Przygotowując się do prezydencji, Rząd Polski przyjął szereg priorytetów, z których jeden dotyczył kwestii bezpieczeństwa Europy, w tym jej zewnętrznego bezpieczeństwa energetycznego. Celem było rozpoczęcie dyskusji na temat nowych rozwiązań: proceduralnych i legislacyjnych, które pozwoliłyby zachować konkurencyjność europejskiego sektora energetycznego wobec zmieniającego się otoczenia zewnętrznego. Miało to pozwolić na wypracowanie mechanizmów prowadzenia solidarnej i konkurencyjnej zewnętrznej polityki energetycznej zgodnie z postanowieniami Traktatu z Lizbony.
Wybór tego priorytetu nie powinien dziwić – niemal od samego początku odzyskania suwerenności w 1989 roku stosunki Polski z Rosją pozostają napięte. Krajowi politycy, pamiętając o wykorzystaniu „broni” gazowej przez Rosję w stosunku do Ukrainy i Białorusi obawiają się takich samych działań wobec naszego kraju. Stąd próba budowy podstaw europejskiej solidarności w kwestiach energetycznych.
W chwili obecnej za wcześnie jest dla dokonania pełnej oceny skuteczności polskiego przewodnictwa w Radzie UE. Będzie to możliwe za pewien czas, kiedy okaże się, czy idee podnoszone przez naszych negocjatorów doprowadziły do głębszych zmian w polityce unijnej. Ta perspektywa jest konieczna, aby nie ulegać pokusie ocen skrajnych. Takie bowiem były już formułowane. W trakcie konferencji klimatycznej w Durbanie Lord John Prescott, były vice premier i minister środowiska Wielkiej Brytanii, oceniając prace polskich negocjatorów w trakcie szczytu stwierdził, że powinni oni "mówić w imieniu Europy, a nie Polski" i dodał, że dyplomacja brytyjska byłaby znacznie skuteczniejsza. Z drugiej strony, w grudniu 2011 roku, po wystąpieniu polskiego premiera Donalda Tuska w Parlamencie Europejskim, Martin Schulz, eurodeputowany z ramienia SPD stwierdził, że w jego opinii, była to najlepsza z ostatnich 15 prezydencji .

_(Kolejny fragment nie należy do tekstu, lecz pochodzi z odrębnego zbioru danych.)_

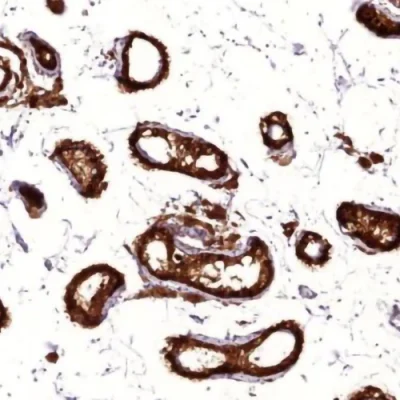 آنتی بادی Inhibin Alpha کلون MX098 برند PathoSage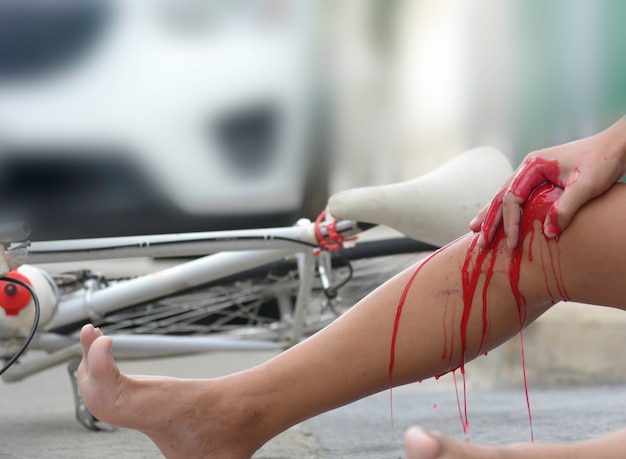 Foto l'incidente di una bicicletta è entrato in collisione con un'auto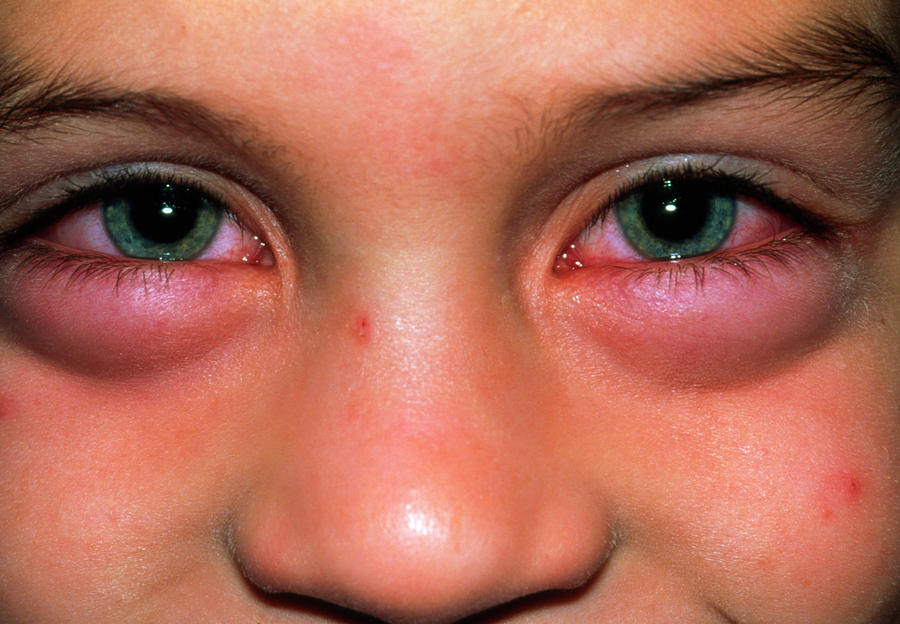 Do You Get Red Eyes From Allergies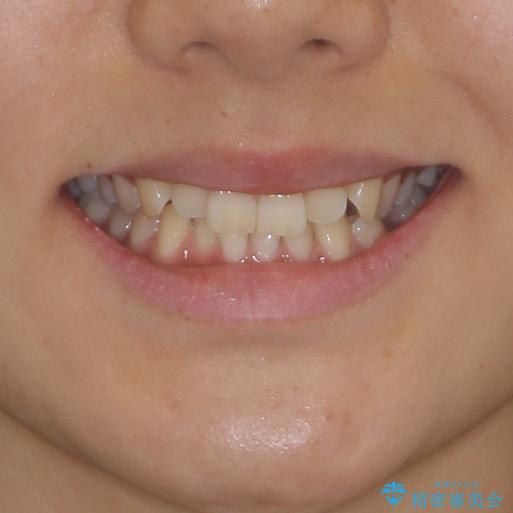 乳歯を抜いてインプラントに 咬み合わせ改善のインビザライン矯正の治療前(顔貌)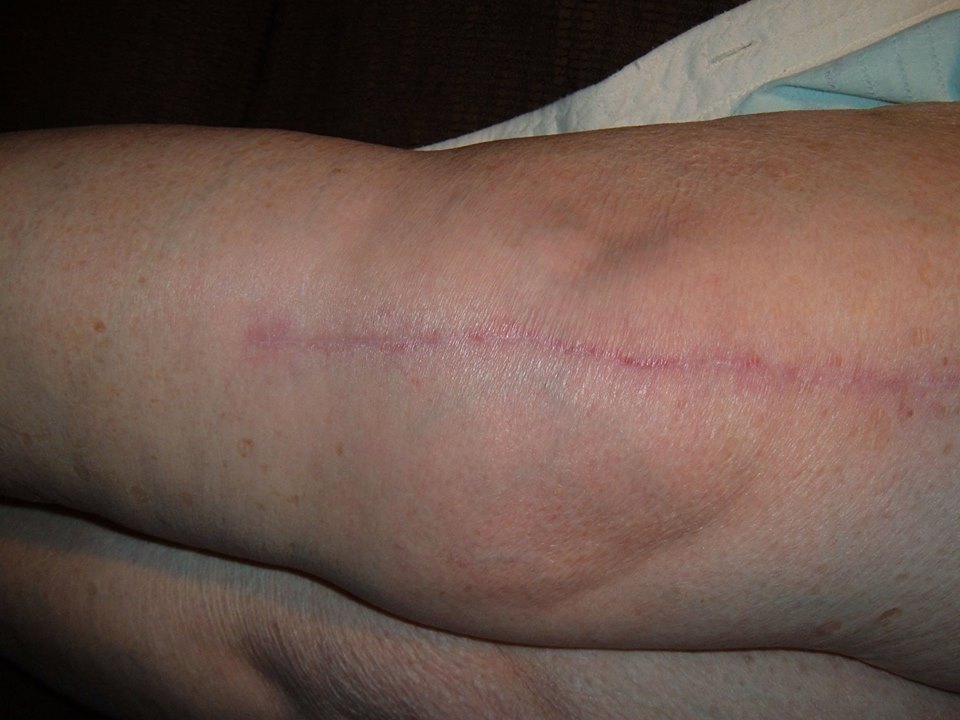 knee-replacement-scar-recovery-timeline-a-photo-gallery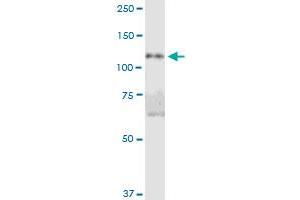 DIS3L MaxPab polyclonal antibody. (DIS3L 抗体  (AA 1-971))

Dlatego też celem niniejszego tekstu nie jest pełna ocena polskiej prezydencji w zakresie jej priorytetów energetycznych i klimatycznych. Autor stara się natomiast przeanalizować czy kwestie podniesione w tym czasie przez Polskę w tych obszarach mają szansę zostać na trwale włączone do debaty wewnątrz Unii Europejskiej i Polski.